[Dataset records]

*** Begin section ***

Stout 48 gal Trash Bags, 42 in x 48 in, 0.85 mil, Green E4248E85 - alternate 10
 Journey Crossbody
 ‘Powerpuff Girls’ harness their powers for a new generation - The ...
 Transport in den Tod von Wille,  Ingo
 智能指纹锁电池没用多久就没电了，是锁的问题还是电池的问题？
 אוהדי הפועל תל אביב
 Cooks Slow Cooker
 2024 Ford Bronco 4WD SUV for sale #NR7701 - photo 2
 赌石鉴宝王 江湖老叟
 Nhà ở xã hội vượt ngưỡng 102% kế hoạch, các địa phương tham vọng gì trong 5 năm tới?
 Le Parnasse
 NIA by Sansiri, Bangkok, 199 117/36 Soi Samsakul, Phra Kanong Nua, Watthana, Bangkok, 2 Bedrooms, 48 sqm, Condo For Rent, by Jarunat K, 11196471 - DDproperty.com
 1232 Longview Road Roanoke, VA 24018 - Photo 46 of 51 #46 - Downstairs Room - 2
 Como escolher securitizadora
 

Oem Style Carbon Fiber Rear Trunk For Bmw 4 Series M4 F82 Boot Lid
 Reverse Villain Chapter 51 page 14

*** End section ***

Every line of the data should be output exactly as it was given.

Stout 48 gal Trash Bags, 42 in x 48 in, 0.85 mil, Green E4248E85 - alternate 10
 Journey Crossbody
 ‘Powerpuff Girls’ harness their powers for a new generation - The ...
 Transport in den Tod von Wille,  Ingo
 智能指纹锁电池没用多久就没电了，是锁的问题还是电池的问题？
 אוהדי הפועל תל אביב
 Cooks Slow Cooker
 2024 Ford Bronco 4WD SUV for sale #NR7701 - photo 2
 赌石鉴宝王 江湖老叟
 Nhà ở xã hội vượt ngưỡng 102% kế hoạch, các địa phương tham vọng gì trong 5 năm tới?
 Le Parnasse
 NIA by Sansiri, Bangkok, 199 117/36 Soi Samsakul, Phra Kanong Nua, Watthana, Bangkok, 2 Bedrooms, 48 sqm, Condo For Rent, by Jarunat K, 11196471 - DDproperty.com
 1232 Longview Road Roanoke, VA 24018 - Photo 46 of 51 #46 - Downstairs Room - 2
 Como escolher securitizadora
 

Oem Style Carbon Fiber Rear Trunk For Bmw 4 Series M4 F82 Boot Lid
 Reverse Villain Chapter 51 page 14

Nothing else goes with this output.